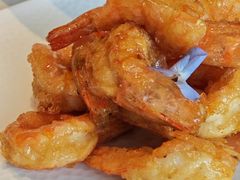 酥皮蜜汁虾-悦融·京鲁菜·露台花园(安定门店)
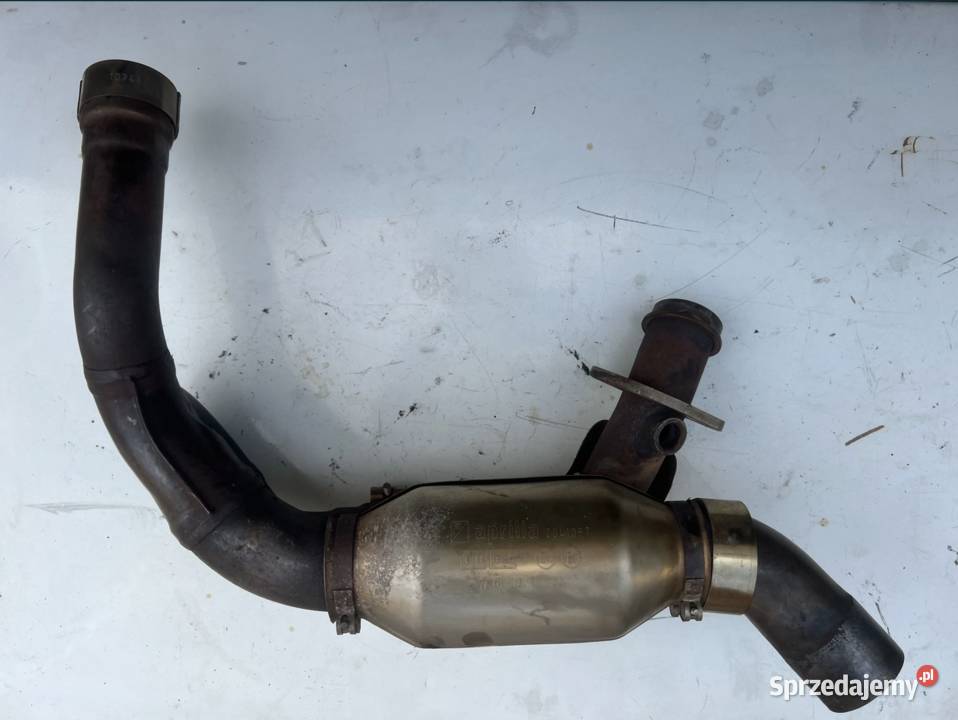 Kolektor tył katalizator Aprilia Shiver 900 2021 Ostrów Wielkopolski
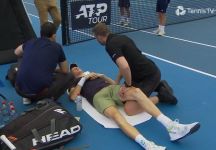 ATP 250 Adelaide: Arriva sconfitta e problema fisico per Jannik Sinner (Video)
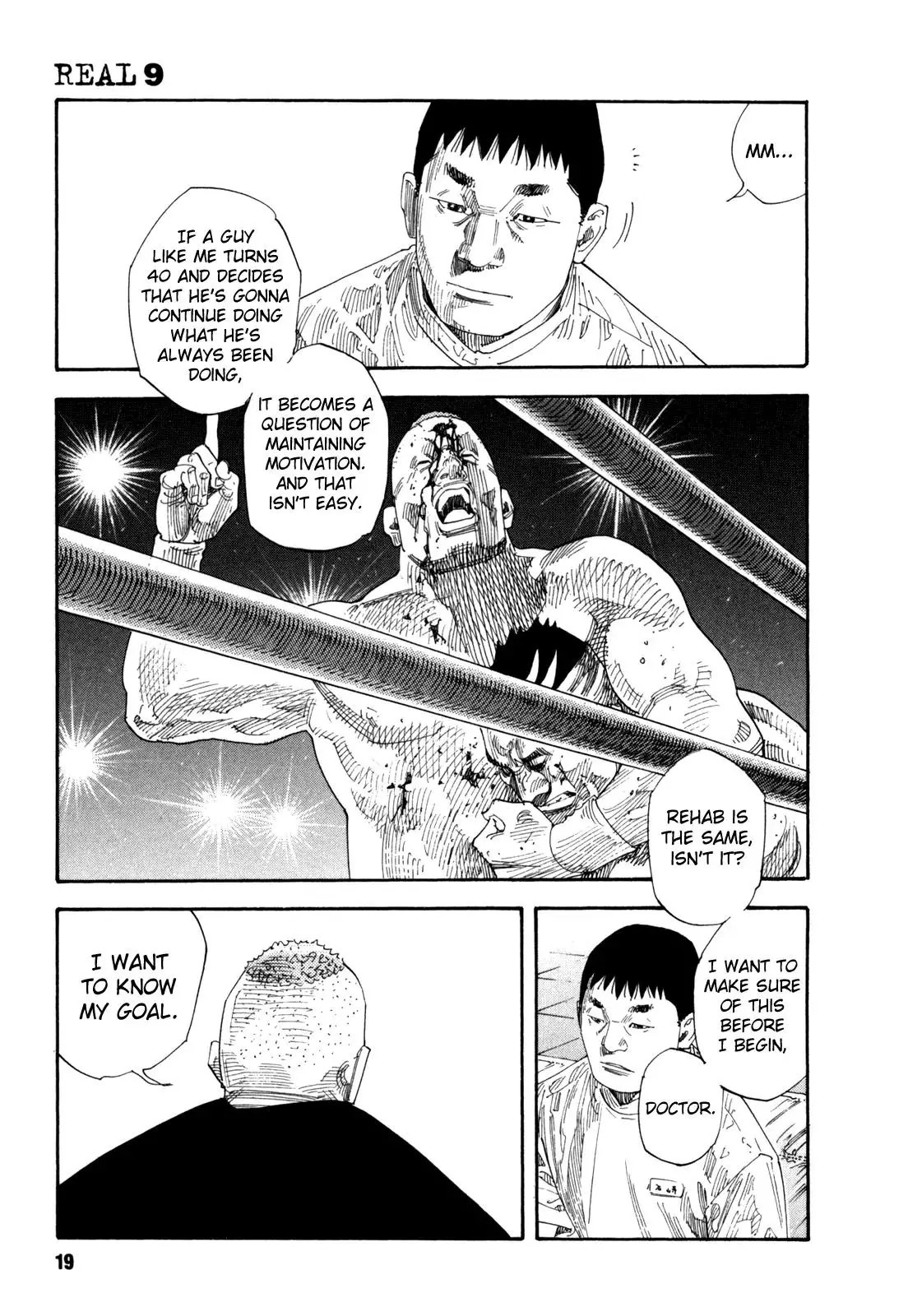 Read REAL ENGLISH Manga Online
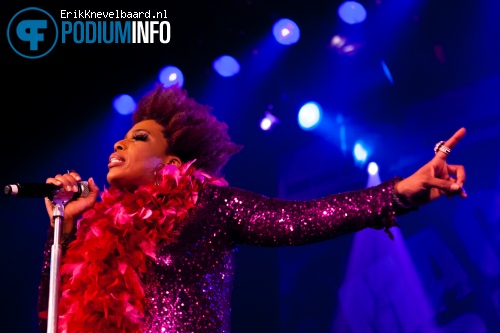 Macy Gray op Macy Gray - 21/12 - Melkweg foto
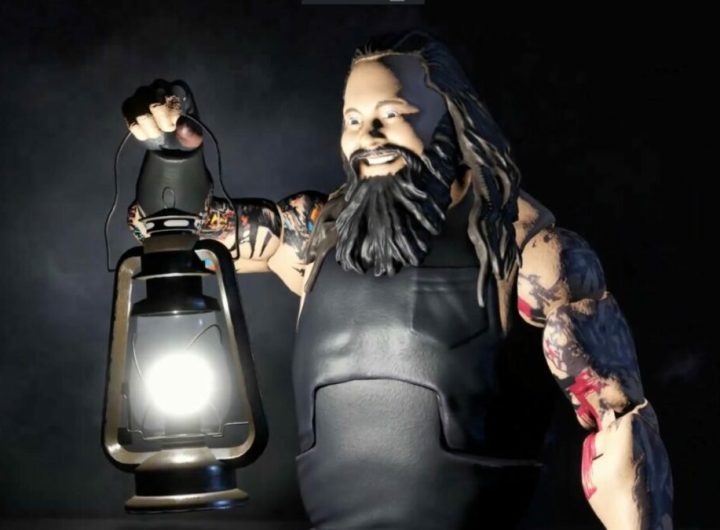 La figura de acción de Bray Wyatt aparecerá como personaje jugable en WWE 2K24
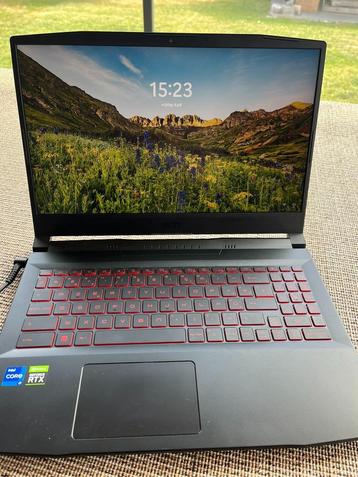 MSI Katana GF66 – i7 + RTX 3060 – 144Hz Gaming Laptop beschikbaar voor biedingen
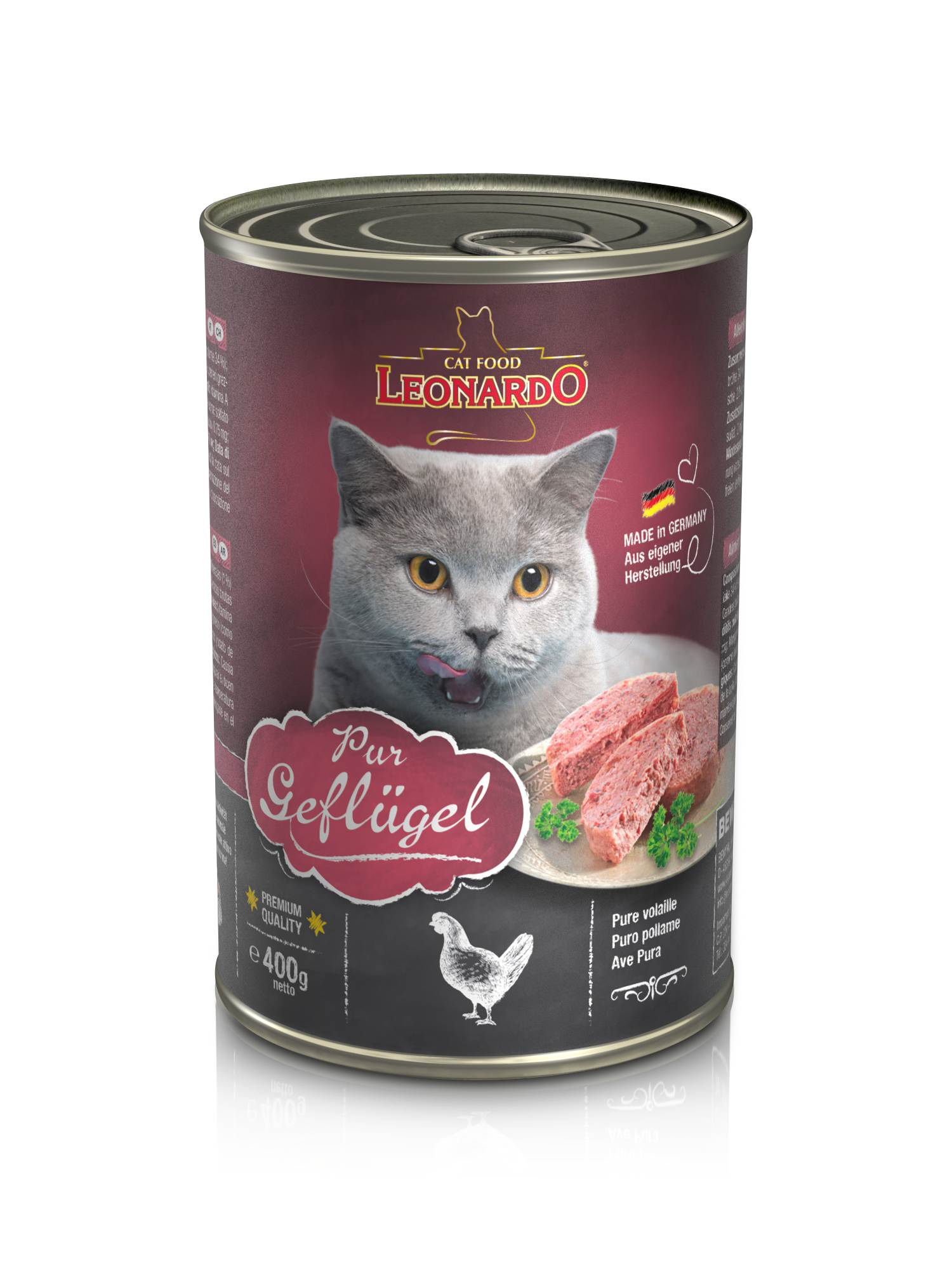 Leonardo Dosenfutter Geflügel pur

═══

Work to be completed:
Reproduce only the lines from the line with "Kolektor tył katalizator" to the end of the entries. Keep both ends, copy them exactly, and omit every picture.

Answer:
 Kolektor tył katalizator Aprilia Shiver 900 2021 Ostrów Wielkopolski
 ATP 250 Adelaide: Arriva sconfitta e problema fisico per Jannik Sinner (Video)
 Read REAL ENGLISH Manga Online
 Macy Gray op Macy Gray - 21/12 - Melkweg foto
 La figura de acción de Bray Wyatt aparecerá como personaje jugable en WWE 2K24
 MSI Katana GF66 – i7 + RTX 3060 – 144Hz Gaming Laptop beschikbaar voor biedingen
 Leonardo Dosenfutter Geflügel pur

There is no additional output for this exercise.